The US wanted to indict Bin Laden for the bombing of their embassies in Africa and used Al Fadl’s testimony to create a picture of Al Qaeda as an organisation with a leadership, branches and hierarchy -- so that Bin Laden could be prosecuted for the crimes other Islamists committed because he was supposedly in the same organisation as them. Having this vision of Al Qaeda meant that the US Government could prosecute Bin Laden using the same laws that they use to arrest the heads of the Mafia and other organised crime families. In these cases it is crucial to have an organisation that someone is a member of in order to successfully obtain a prosecution -- the problem is that this simply does not exist in Al Qaeda’s case.
Even Al Qaeda’s most famous atrocity, the 9/11 attacks was not Bin Laden’s idea, but that of Khalid Sheik Mohammed (who was arrested in 2003). Khalid obtained financial support from Osama for the 9/11 attacks, but it was he who organised it. This is how the 9/11 attacks were really organised -- a network of Islamists worked together and were funded by Bin Laden’s considerable personal wealth. Bin Laden’s role in Islamist terrorism has not been primarily that of an organiser but a financier. Different terrorist cells and organisations can approach Bin Laden and request funds for operations against the West. This loose, network is what makes Al Qaeda amorphous and potentially dangerous. The death of Bin Laden will not do much to practically impede this network’s activities against the West -- Bin Laden was already isolated and could not provide much practical assistance to Al Qaeda affiliates.
Bin Laden was useful as a symbol however, a charismatic figurehead for the Al Qaeda brand’s form of extreme Islamism. Bin Laden’s deputy, Ayman Al Zawahiri may become the new “face” of Al Qaeda but he does not have the same charm and charisma of Osama. The real danger from Al Qaeda’s brand of terrorism is still the same (and as overhyped) as it was before Bin Laden’s death. It’s based on angry, Muslim, predominantly middle class men operating loosely as cells without a central leadership. Bin Laden’s death may even spur some of these groups on to carry out attacks -- possibly in a half-arsed manner, like the Glasgow Airport Attacks.
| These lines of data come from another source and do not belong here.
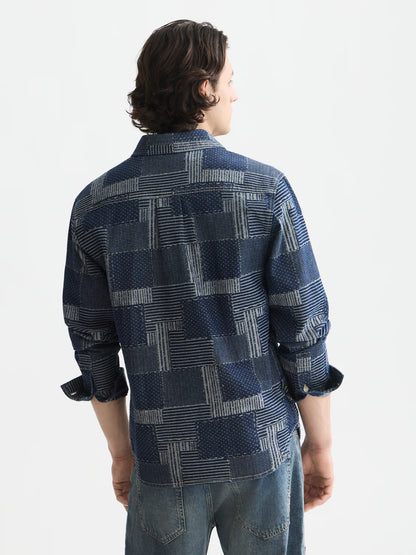 S&S DENIM PATCHWORK RELAXED FIT OVERSHIRT WASHED INDIGO 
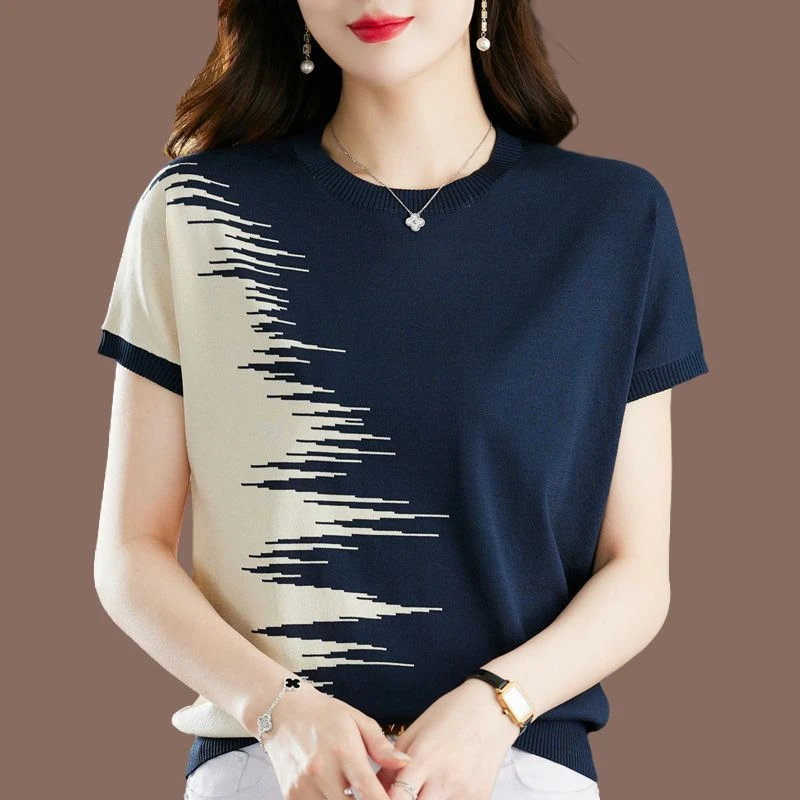 品牌折扣春夏冰丝短袖t恤女宽松韩版大码遮肚上衣显瘦洋气针织衫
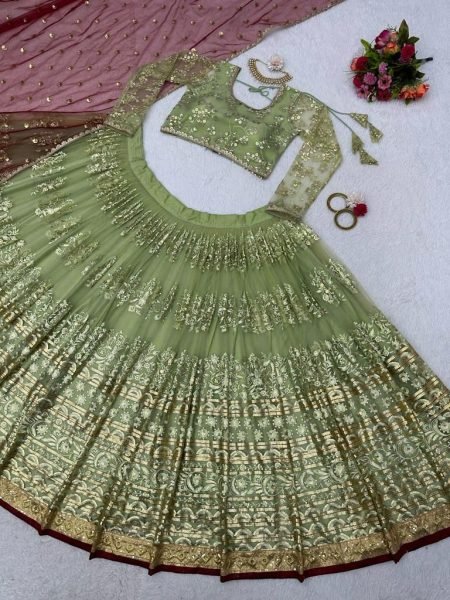 Wedding Wear Stylish Net Sequence Work Lehenga Choli  Designer Lehenga Choli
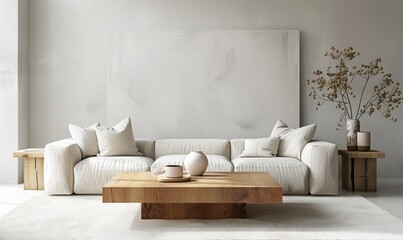 A minimalist modern living room with a wooden coffee table and a sleek white sofa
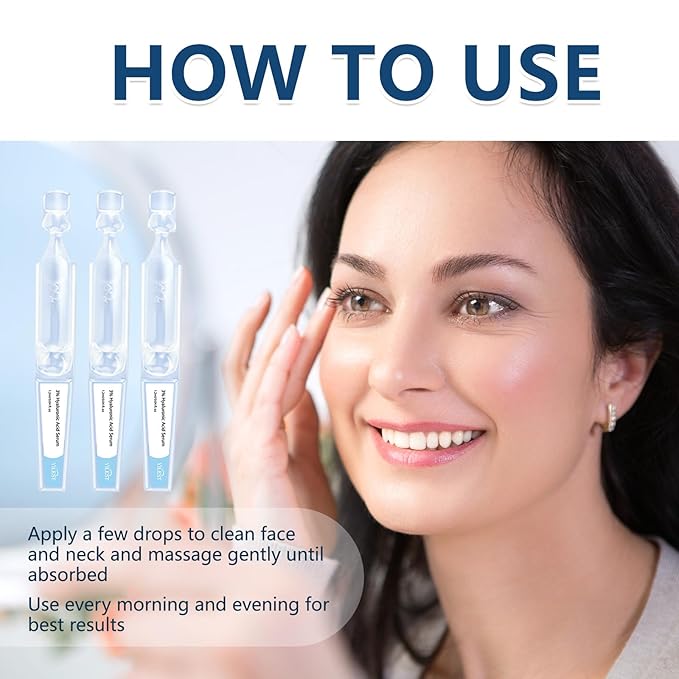 3% Hyaluronic Acid Serum Ultra-Hydrating Vials, Hyaluronic Acid Tubes, Wake Nature Perfection Hyaluronic Acid, 3% Hyaluronic Acid Serum for Face, Ultra Hydrating Serum (1 Box of 30)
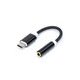 Earphone Adapter Cable USB type C to 3.5mm Audio black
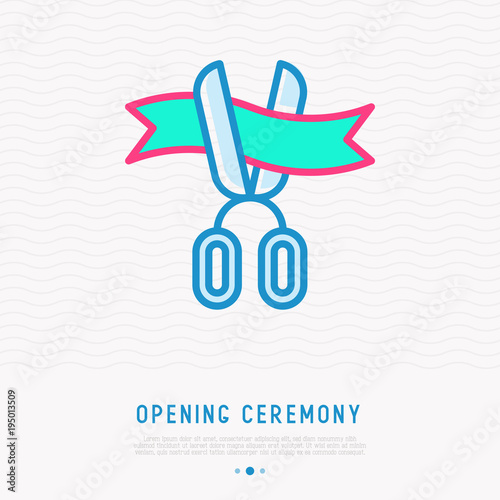 Opening ceremony symbol: scissors cutting ribbon thin line icon. Modern vector illustration.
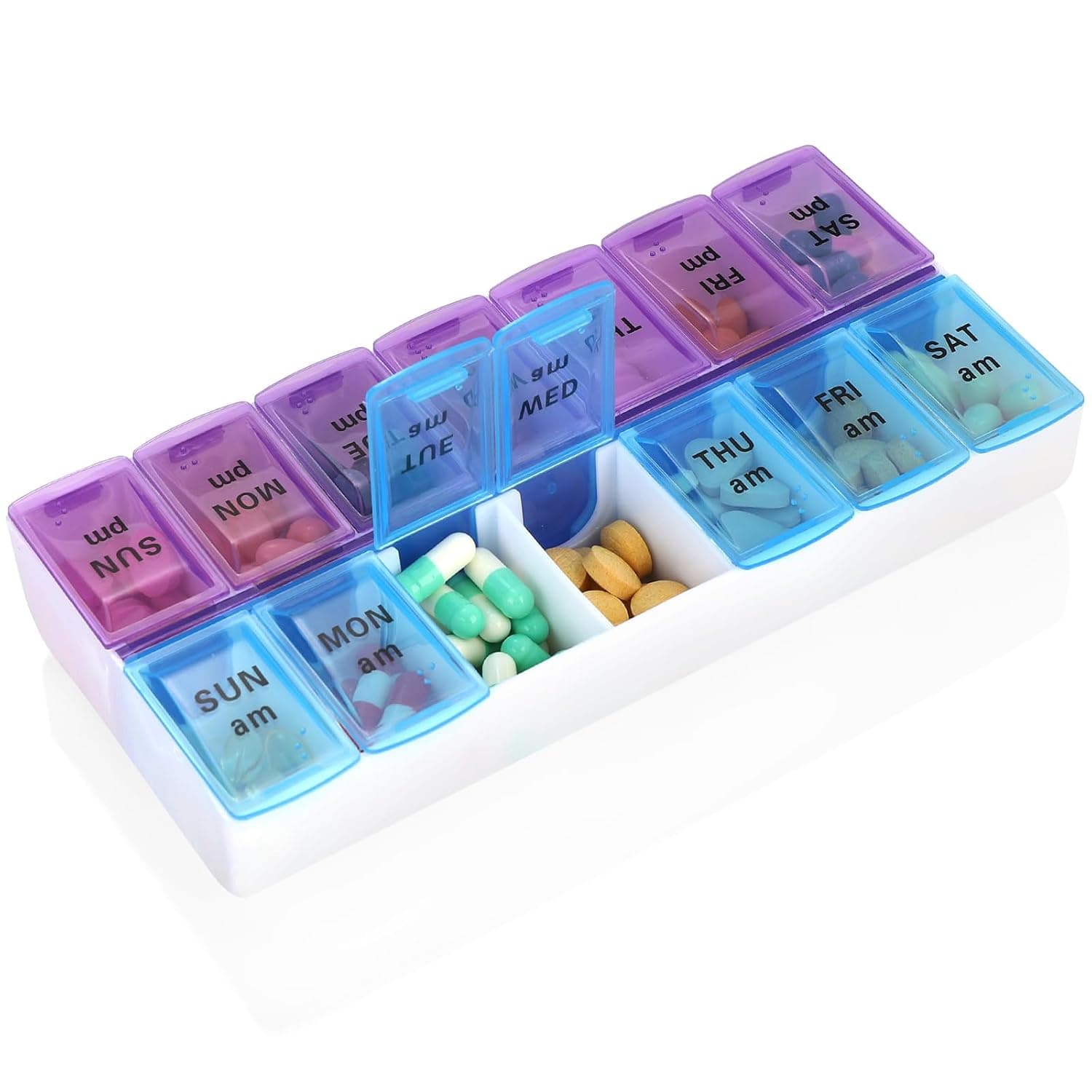 Weekly Pill Organizer 2 Times A Day 7 Day Pill Box Holder Large Daily Medicine Organizer Travel Pill Case Pill Container for Vitamins Supplements (7 Day 2 Times)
Bin Laden’s death is already being celebrated across the USA, but the reality is that the so-called “War on Terror” will go on regardless -- because both the terror networks known as Al Qaeda will still exist, and because the War on Terror itself was never about fighting terrorism. It was a convenient label to cover up what wars have always been about, control of the world and it’s resources.
Bin Laden’s death may have the positive effect of putting more pressure on the USA/UK to end it’s occupation of Afghanistan, as the original reason for the NATO invasion -- hunting down Bin Laden -- has been resolved. In reality however the occupation of Afghanistan is motivated not by fighting Al Qaeda but on the control of a strategically important country in the middle of some of the largest natural gas fields in the world. The War on Terror didn’t just start using terrorism as a justification to control the world’s energy resources in Iraq -- it was a motivation from the very start in Afghanistan.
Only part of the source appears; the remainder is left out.